Ce document est une pièce importante dans la bibliothèque D’Amryl d’Ezbratla

Je suis Arkeldan Ultokar, premier empereur du Rexcan après Mrul, et descendant mahamet déchu. Et l’on me dira fou. Mais la folie n’est que la longue-vue des âmes : elle aperçoit, bien avant les autres, la vague qui lèvera les flottes ou les engloutira. Sous Oprofonde, la cité des Mille Fontaines d’Edmond, j’ai découvert une chose effrayante. C’est à la fois un trésor, mon secret et ma fracture. Derrière la Porte scellée respirent un pouvoir protégé par  les Kreuls. Ces créatures sont celles d’avant l’aube, celles dont un seul soupir ferait tarir la source du Teish, se fendre les murailles de Caryl et se taire les cloches de tout le Rexcan.
Mon amour a voulu s’en emparer.
Alors, il m’a fallu créer de nouvelles armes, de nouveaux outils. Ce jour-là, je déposai ma couronne et mon honneur comme on dépose les armes. Laissant à d’autres familles le poids du règne car il me fallait soulever une œuvre plus lourde que l’Empire, plus patiente que les dynasties. J’érigeais une cathédrale de verrous, je composais chant d’obligations, je dédiais ma vie au silence.

Mais aussi, alors que marié à Pirëlth, je me laissais charmer par une famille de noble de Téeh, pour avoir une descendance honorable prête à remonter sur le trône, si besoin.
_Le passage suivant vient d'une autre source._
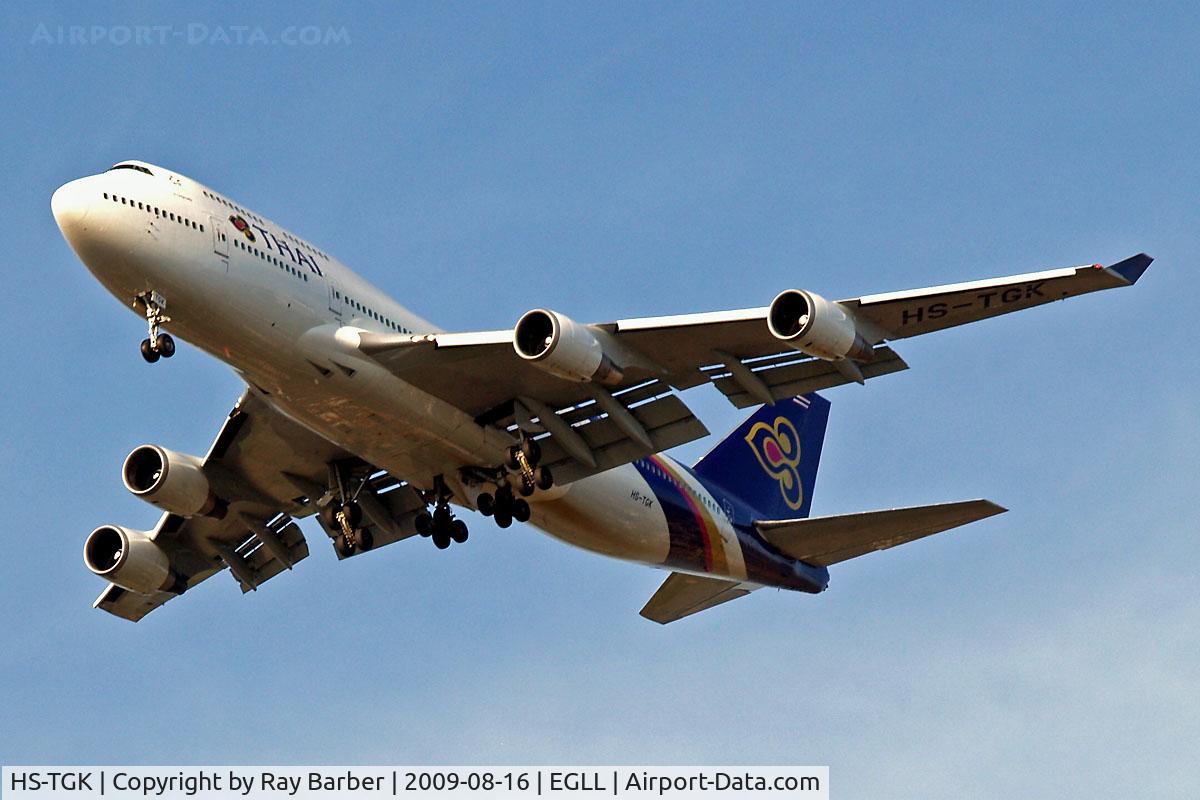 HS-TGK, 1990 Boeing 747-4D7 C/N 24993, Boeing 747-4D7 [24993] (Thai Airways) Home~G 16/08/2009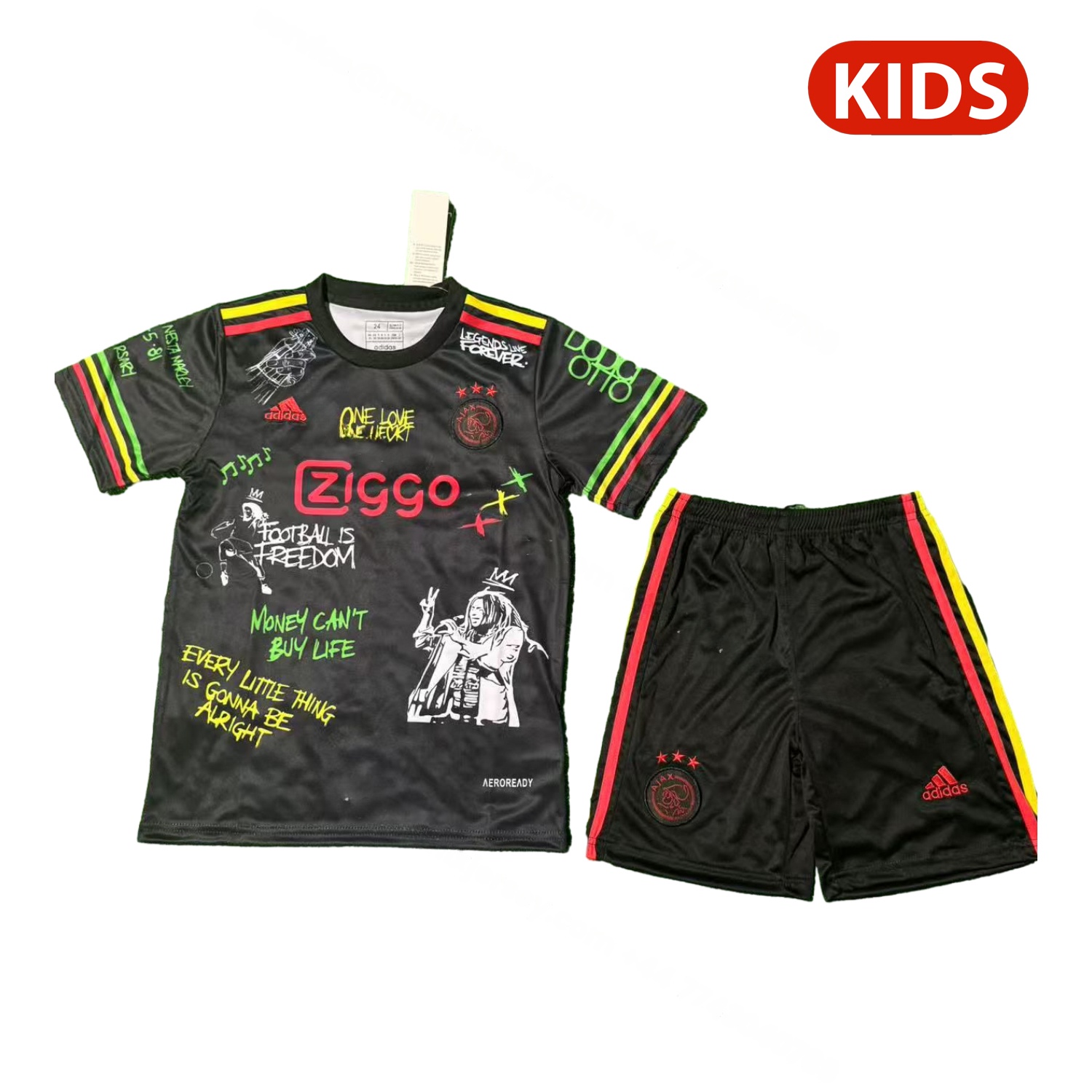 Ajax x B-O-B Marly 25-26 Black Special Kids Kit - Unitedfutballjersey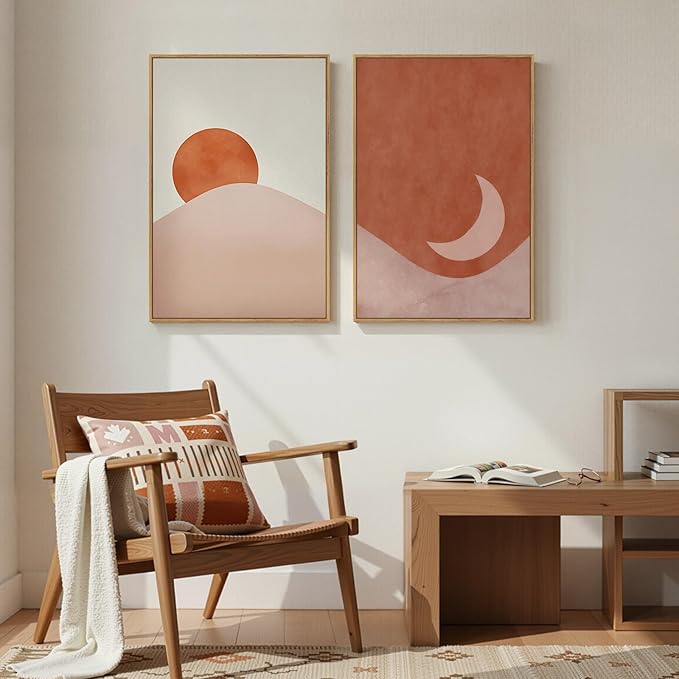 Framed Boho Sun and Moon Set of 2 Wall Art, Terracotta Blush Mid Century Modern Canvas Artwork for Walls, Bohemian Abstract Painting Print for Living Room Bedroom Hallway Office Wall Decor, 16x24 Inch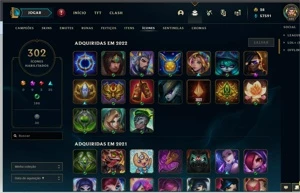 Conta LOL TOP Main LVL 682+57kk de Essência Azul+290skins - League of Legends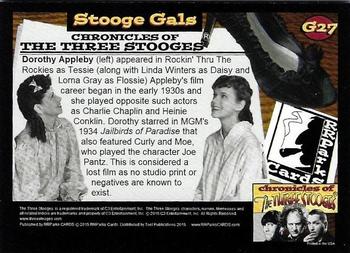 2015 RRParks Chronicles of the Three Stooges - Stooge Gals #G27 Dorothy Appleby Back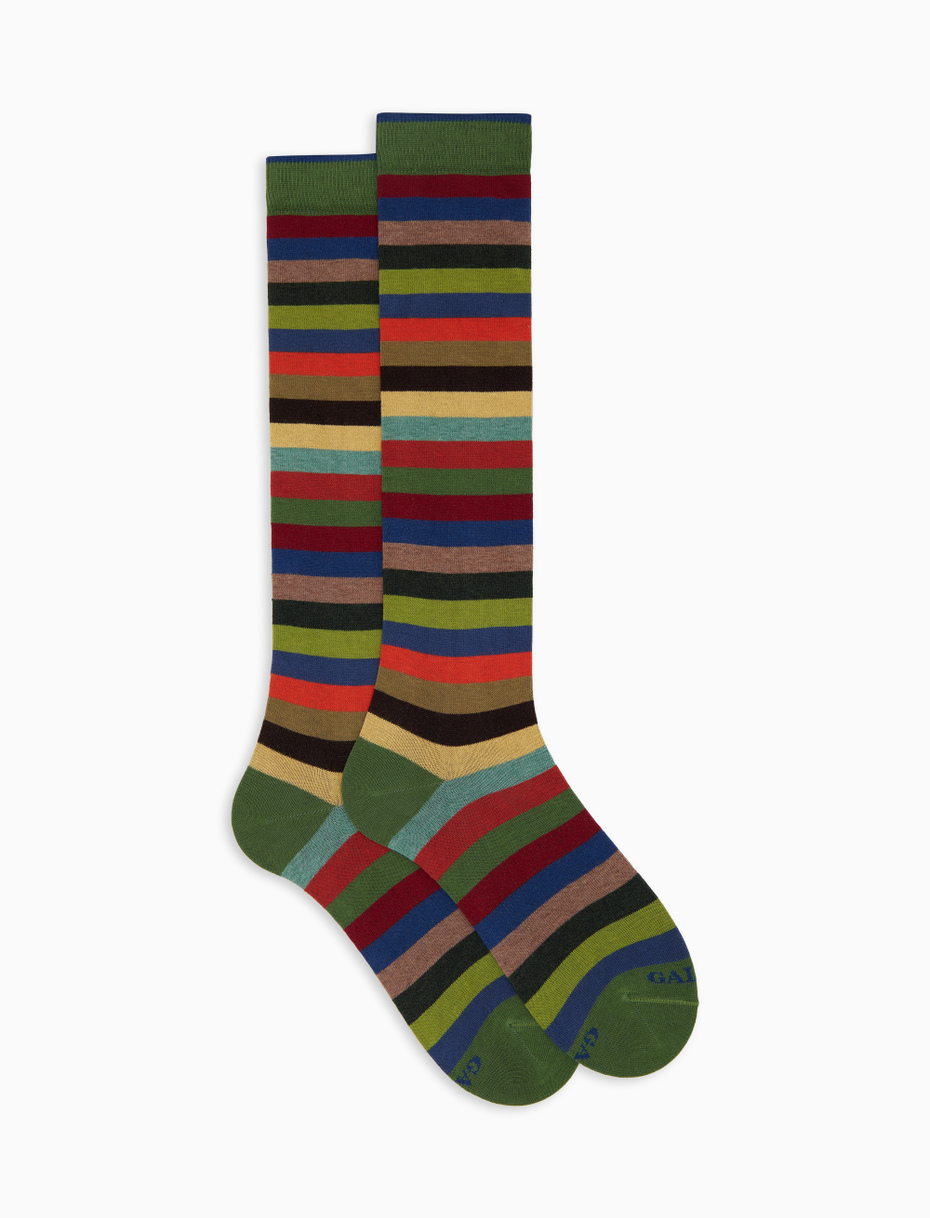 Men's long green cotton socks with even stripes - Gallo 1927 - Official Online Shop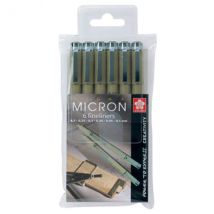 Lot De 6 Feutres Noirs + 1 Rouge - Pigma Micron - Sakura
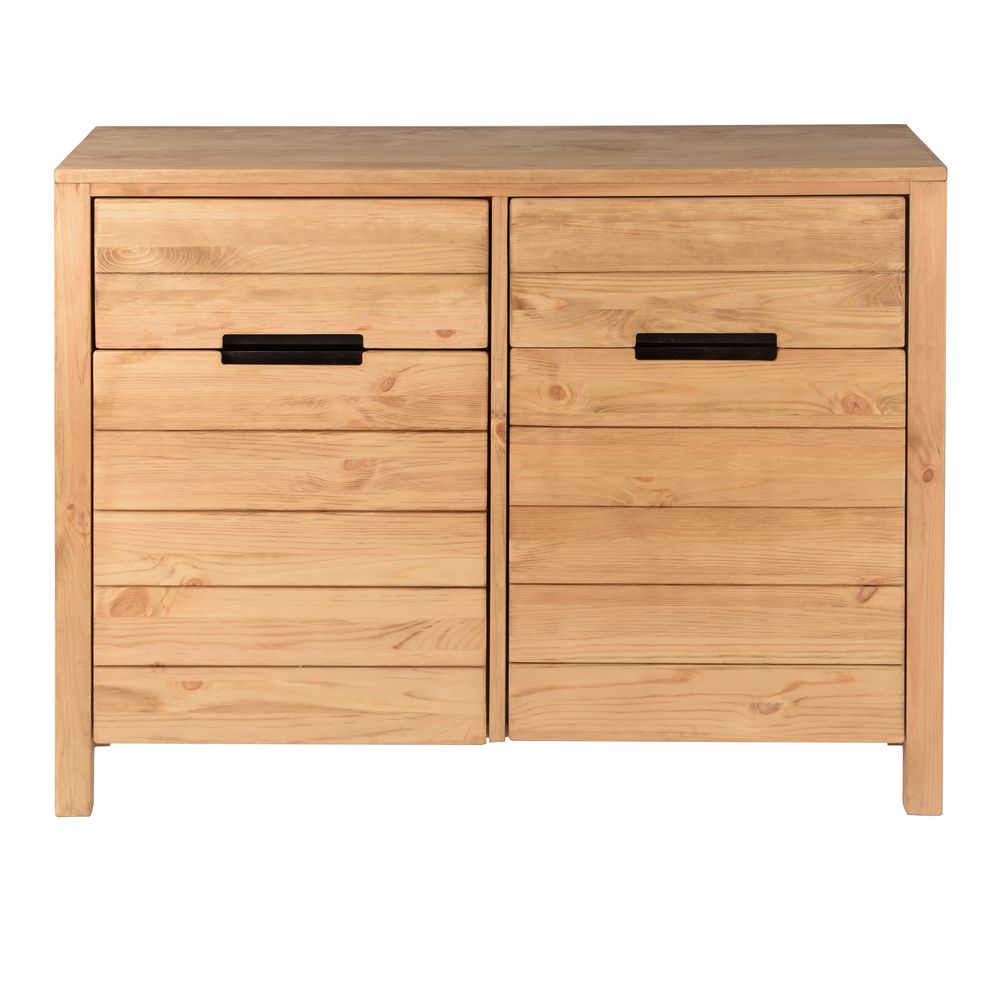 Buffet 120 cm pin massif 2 tiroirs 2 portes gamme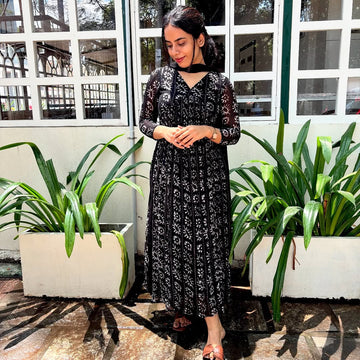 Beautiful Black Georgette Silk Kali Cut Maxi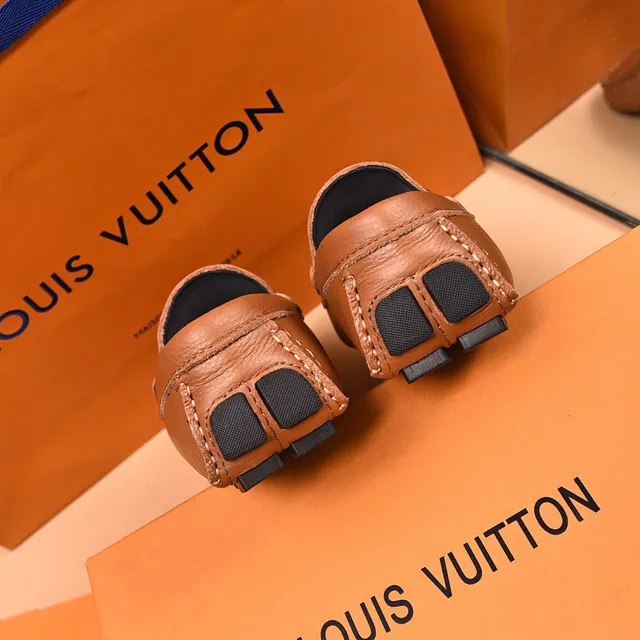 Louis Vuitton Horsebit 1955 Tan Pebbled Leather Loafers 3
Je ne fus pas seul. Zebrùn, sage entre les sages, s’assit face à moi et me montra le monde comme une harpe couchée : chaque corde, un plan ; chaque nœud, un passage ; chaque résonance, un danger. Il me fit entendre que cette cage n’était pas une fin en soi, mais une clef retournée contre la paume du monde. Il me fit admettre qu’on ne l’oppose pas, qu’il n’est pas utile de la comprendre, de l’ouvrir, ou de la détruire. Je sus comment l’accorder.

Lamanil de Turin, maître des matières, coula mes visions dans le grain du métal, dans la ligne des pierres, dans l’épaisseur des ombres. À Zebrùn, je dus l’oreille ; à Lamanil, la main. À nous, il revint d’offrir le sang et la volonté.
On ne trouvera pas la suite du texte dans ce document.